= Exercise brief =
Below are the records. Retype exactly the lines between the lines holding "New 2026 Wolf Gray Kia EX image 25" and "Lana Del Rey Vinyl - Picasshoe Clothing", inclusive.

(Saved entries)
+===+

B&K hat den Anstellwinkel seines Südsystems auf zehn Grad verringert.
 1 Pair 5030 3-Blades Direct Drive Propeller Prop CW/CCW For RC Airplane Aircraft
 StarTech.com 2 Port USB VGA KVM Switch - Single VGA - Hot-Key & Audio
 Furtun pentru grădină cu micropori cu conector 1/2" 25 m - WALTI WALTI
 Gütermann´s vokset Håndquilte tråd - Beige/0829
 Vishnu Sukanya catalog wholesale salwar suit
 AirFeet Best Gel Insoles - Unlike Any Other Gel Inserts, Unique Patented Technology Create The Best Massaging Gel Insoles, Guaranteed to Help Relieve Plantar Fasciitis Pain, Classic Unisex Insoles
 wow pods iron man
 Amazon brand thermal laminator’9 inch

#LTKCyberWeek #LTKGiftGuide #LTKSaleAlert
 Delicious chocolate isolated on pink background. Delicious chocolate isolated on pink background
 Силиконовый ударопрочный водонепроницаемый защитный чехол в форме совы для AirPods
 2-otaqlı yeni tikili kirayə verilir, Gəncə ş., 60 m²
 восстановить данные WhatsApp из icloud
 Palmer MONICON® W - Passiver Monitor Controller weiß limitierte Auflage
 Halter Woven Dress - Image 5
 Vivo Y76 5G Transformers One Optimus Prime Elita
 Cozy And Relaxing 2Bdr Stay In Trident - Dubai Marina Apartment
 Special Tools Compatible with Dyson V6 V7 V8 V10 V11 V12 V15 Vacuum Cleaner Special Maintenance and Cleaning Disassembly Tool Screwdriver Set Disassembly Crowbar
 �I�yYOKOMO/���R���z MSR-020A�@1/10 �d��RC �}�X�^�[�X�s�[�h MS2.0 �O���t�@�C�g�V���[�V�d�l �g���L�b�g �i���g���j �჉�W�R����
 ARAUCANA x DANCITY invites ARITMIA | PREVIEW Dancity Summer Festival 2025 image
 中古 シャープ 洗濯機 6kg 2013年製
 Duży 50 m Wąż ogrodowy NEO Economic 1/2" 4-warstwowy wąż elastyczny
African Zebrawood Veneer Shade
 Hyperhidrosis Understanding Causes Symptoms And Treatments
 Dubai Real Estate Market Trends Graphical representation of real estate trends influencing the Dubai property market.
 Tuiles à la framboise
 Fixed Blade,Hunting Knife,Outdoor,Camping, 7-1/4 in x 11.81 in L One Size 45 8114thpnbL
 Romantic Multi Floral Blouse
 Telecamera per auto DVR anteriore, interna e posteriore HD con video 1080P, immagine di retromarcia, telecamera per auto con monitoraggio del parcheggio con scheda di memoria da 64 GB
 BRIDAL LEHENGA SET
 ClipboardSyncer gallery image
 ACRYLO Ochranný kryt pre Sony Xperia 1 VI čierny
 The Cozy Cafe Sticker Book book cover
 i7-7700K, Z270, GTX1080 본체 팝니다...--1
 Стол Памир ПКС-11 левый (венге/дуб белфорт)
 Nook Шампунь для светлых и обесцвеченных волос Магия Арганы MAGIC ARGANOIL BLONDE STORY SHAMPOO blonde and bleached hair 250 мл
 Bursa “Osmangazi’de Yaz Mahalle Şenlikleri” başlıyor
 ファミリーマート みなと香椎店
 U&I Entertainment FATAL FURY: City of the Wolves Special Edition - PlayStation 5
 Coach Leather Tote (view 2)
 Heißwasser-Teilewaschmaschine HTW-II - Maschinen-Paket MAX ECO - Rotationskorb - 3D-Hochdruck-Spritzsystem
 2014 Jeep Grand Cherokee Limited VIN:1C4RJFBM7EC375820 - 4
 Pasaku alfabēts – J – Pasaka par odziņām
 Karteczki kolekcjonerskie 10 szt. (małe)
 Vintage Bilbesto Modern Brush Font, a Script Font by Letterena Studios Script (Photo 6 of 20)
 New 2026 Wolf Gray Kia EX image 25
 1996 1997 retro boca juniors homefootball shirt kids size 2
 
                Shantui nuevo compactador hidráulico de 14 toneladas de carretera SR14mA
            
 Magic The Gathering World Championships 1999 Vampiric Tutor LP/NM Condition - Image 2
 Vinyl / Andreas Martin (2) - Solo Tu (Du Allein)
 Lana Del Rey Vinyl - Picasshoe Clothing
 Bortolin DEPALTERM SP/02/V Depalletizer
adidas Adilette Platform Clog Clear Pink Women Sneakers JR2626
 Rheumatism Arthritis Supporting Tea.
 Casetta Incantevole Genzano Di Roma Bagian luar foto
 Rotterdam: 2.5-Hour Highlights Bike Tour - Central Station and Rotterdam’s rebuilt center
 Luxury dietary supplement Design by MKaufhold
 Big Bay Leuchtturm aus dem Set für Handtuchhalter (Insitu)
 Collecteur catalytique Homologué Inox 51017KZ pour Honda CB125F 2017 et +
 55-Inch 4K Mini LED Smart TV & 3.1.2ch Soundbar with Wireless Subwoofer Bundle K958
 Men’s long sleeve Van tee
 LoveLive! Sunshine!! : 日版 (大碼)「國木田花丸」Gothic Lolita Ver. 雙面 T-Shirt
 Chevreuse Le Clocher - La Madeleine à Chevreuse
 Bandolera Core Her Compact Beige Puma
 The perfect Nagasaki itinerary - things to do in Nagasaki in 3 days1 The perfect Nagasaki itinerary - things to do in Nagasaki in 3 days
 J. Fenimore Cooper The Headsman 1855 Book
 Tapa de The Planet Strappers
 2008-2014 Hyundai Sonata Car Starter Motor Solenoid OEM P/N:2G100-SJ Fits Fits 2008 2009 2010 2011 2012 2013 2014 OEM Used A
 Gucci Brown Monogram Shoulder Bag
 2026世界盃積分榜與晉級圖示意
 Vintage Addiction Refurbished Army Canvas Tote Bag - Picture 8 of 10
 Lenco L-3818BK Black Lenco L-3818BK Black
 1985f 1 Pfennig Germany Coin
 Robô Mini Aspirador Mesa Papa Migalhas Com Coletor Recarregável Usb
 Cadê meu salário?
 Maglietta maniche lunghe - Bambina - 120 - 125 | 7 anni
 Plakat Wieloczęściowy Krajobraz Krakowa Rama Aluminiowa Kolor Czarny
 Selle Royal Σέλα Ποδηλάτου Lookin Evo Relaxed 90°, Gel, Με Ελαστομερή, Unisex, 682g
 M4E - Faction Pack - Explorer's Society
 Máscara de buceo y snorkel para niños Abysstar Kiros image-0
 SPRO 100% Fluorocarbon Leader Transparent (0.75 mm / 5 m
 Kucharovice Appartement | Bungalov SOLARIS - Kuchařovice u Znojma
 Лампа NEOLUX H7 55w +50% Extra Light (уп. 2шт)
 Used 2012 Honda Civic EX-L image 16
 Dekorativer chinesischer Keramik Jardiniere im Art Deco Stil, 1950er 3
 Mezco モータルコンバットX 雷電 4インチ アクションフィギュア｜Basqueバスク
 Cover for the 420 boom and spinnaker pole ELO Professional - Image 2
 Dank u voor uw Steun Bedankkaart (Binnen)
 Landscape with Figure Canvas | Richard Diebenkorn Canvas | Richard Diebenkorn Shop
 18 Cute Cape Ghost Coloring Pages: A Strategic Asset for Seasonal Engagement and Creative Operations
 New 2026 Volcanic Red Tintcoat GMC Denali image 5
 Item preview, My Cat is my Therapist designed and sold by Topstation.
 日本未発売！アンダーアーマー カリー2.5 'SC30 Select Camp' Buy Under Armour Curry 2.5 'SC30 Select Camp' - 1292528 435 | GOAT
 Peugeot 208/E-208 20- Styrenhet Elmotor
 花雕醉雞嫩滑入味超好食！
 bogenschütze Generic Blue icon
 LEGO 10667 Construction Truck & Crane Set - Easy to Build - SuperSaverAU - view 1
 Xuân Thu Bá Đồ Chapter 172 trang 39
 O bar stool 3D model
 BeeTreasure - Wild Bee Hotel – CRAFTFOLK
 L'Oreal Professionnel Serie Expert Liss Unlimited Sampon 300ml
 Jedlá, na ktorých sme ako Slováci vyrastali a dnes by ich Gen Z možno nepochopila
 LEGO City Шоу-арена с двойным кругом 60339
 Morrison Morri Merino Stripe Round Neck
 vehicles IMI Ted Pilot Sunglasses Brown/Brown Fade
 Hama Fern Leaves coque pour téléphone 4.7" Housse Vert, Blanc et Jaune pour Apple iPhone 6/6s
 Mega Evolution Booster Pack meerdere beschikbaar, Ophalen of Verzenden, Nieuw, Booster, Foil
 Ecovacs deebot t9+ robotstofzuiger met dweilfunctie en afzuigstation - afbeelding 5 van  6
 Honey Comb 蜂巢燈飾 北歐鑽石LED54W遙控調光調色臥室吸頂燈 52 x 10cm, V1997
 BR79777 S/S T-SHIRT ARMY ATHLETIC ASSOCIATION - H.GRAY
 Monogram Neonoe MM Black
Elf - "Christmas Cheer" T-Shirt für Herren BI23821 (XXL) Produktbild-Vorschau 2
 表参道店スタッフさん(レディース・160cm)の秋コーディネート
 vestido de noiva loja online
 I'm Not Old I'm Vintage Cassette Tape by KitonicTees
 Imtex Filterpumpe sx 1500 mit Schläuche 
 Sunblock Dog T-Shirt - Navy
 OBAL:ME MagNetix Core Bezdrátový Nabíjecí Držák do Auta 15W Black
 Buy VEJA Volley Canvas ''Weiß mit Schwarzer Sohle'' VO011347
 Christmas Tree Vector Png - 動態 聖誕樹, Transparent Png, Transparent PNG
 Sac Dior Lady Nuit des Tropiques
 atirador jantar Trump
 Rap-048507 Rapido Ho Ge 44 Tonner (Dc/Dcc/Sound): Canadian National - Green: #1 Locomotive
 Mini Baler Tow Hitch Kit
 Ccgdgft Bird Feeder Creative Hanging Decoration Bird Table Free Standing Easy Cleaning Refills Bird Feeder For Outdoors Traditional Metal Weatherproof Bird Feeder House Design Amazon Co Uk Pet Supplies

+===+

= Written answer =
 New 2026 Wolf Gray Kia EX image 25
 1996 1997 retro boca juniors homefootball shirt kids size 2
 
                Shantui nuevo compactador hidráulico de 14 toneladas de carretera SR14mA
            
 Magic The Gathering World Championships 1999 Vampiric Tutor LP/NM Condition - Image 2
 Vinyl / Andreas Martin (2) - Solo Tu (Du Allein)
 Lana Del Rey Vinyl - Picasshoe Clothing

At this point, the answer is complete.